### Instructions for the task
With pictures omitted, the line containing "Chefchaouen, Fas - 22" and all later lines of the records below are to be restated word for word.

### Given entries

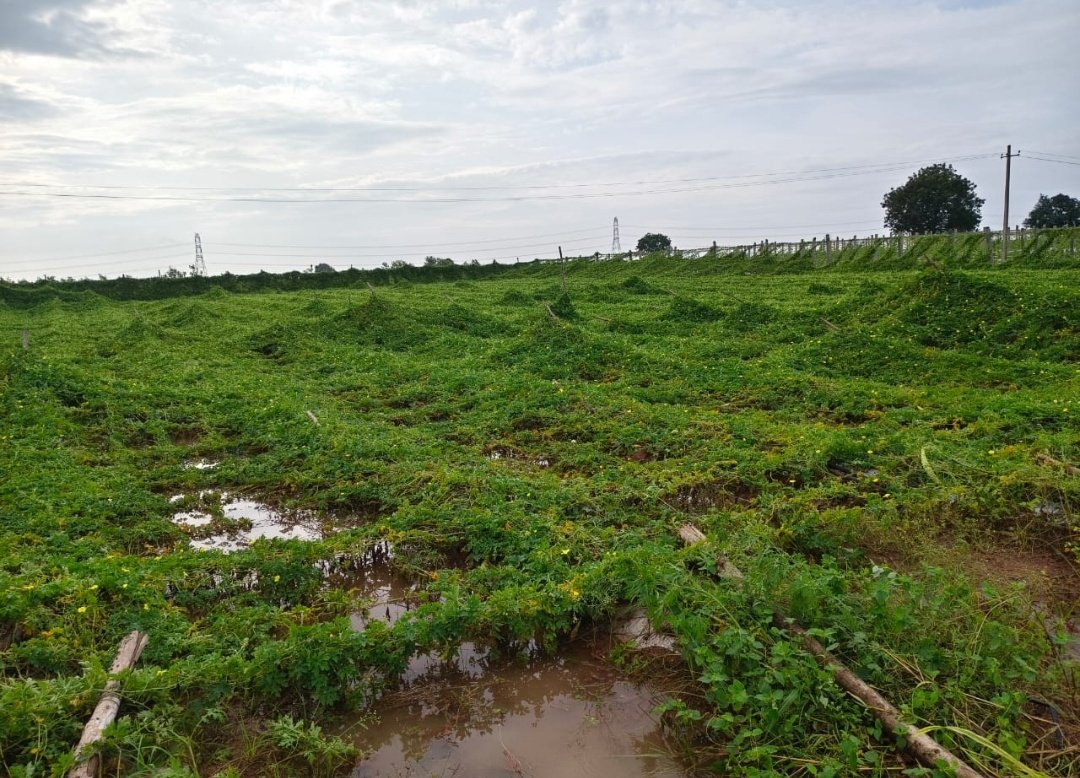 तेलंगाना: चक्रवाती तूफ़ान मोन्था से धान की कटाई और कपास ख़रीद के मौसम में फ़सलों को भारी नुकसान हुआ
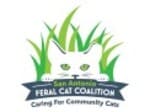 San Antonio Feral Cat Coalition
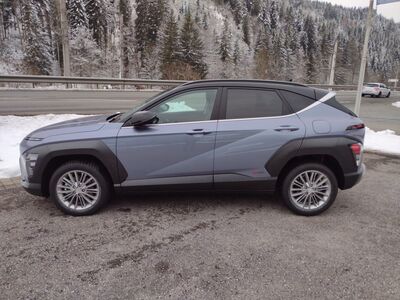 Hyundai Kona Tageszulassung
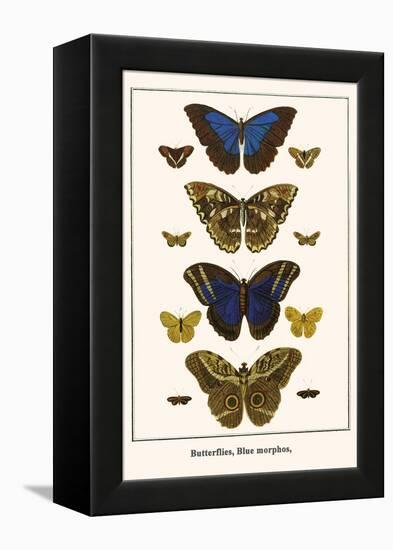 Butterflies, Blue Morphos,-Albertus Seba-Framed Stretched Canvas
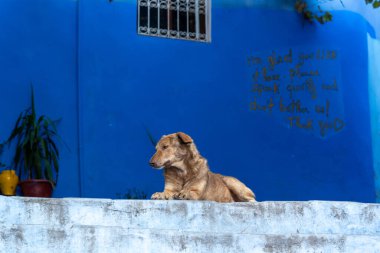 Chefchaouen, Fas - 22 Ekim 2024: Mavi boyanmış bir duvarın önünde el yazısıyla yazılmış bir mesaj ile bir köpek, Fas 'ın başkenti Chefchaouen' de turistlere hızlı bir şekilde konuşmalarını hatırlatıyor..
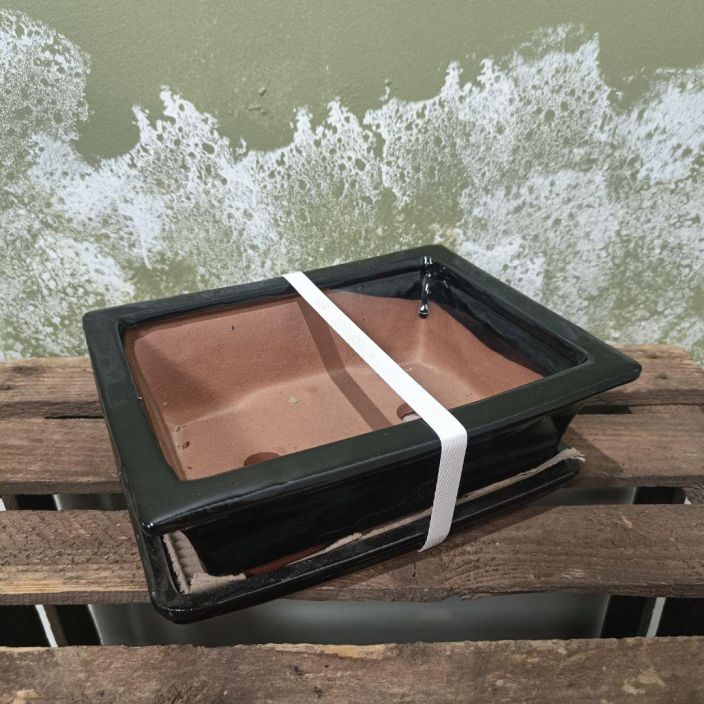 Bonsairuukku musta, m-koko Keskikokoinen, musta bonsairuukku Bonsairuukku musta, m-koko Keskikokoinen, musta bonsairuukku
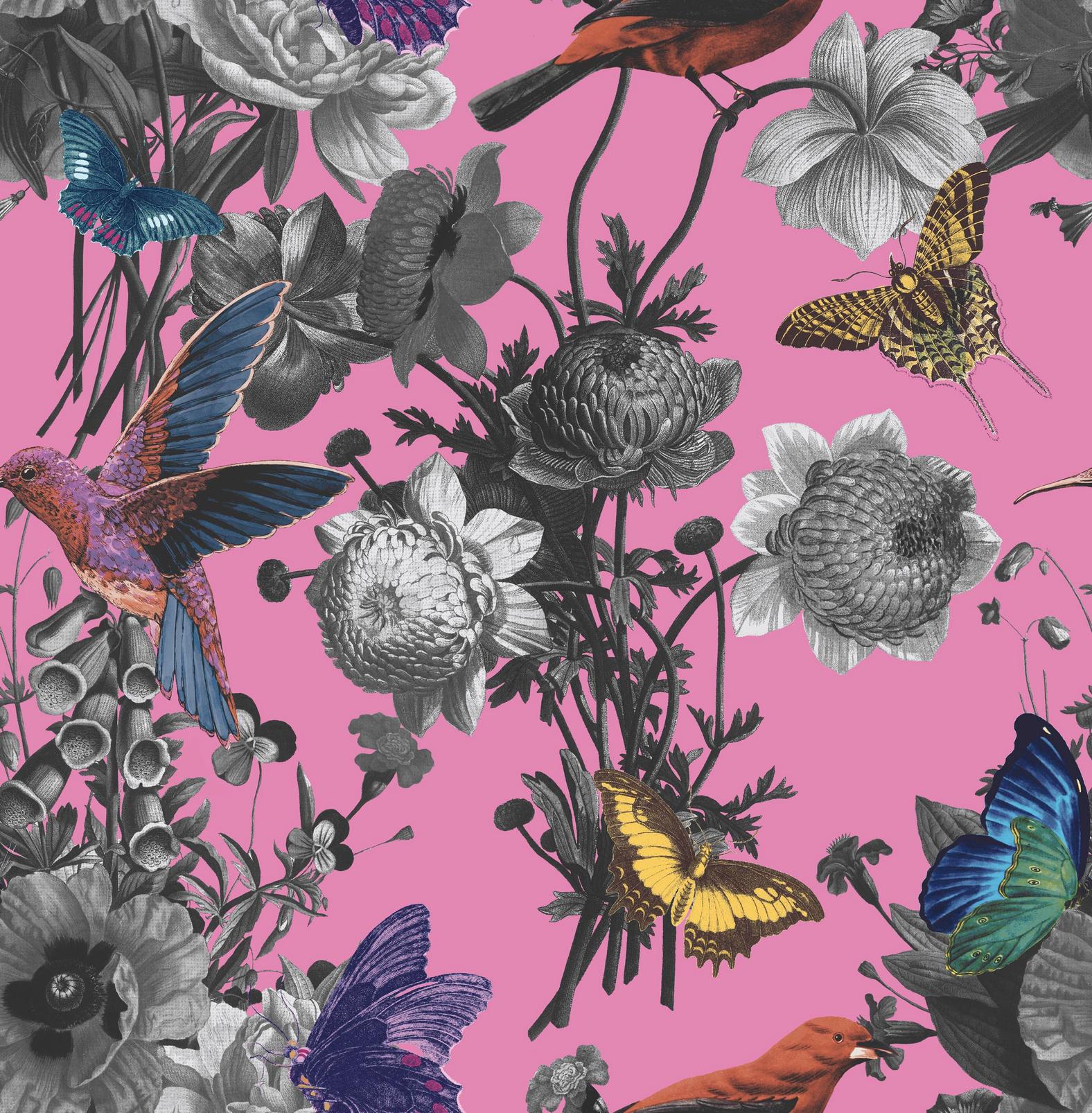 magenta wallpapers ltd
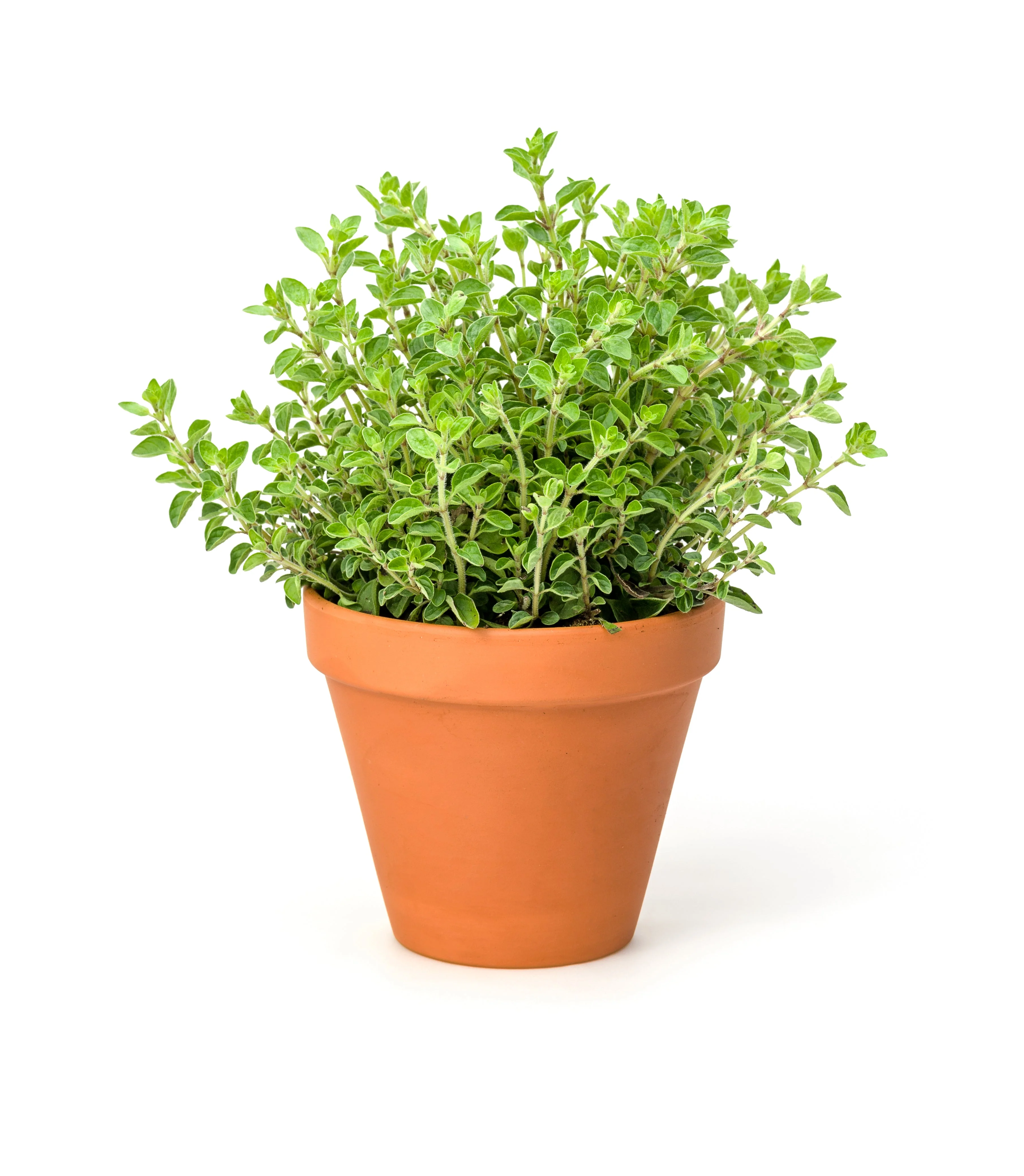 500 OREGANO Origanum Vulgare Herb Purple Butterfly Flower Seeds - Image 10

### Answer for the task
 Chefchaouen, Fas - 22 Ekim 2024: Mavi boyanmış bir duvarın önünde el yazısıyla yazılmış bir mesaj ile bir köpek, Fas 'ın başkenti Chefchaouen' de turistlere hızlı bir şekilde konuşmalarını hatırlatıyor..
 Bonsairuukku musta, m-koko Keskikokoinen, musta bonsairuukku Bonsairuukku musta, m-koko Keskikokoinen, musta bonsairuukku
 magenta wallpapers ltd
 500 OREGANO Origanum Vulgare Herb Purple Butterfly Flower Seeds - Image 10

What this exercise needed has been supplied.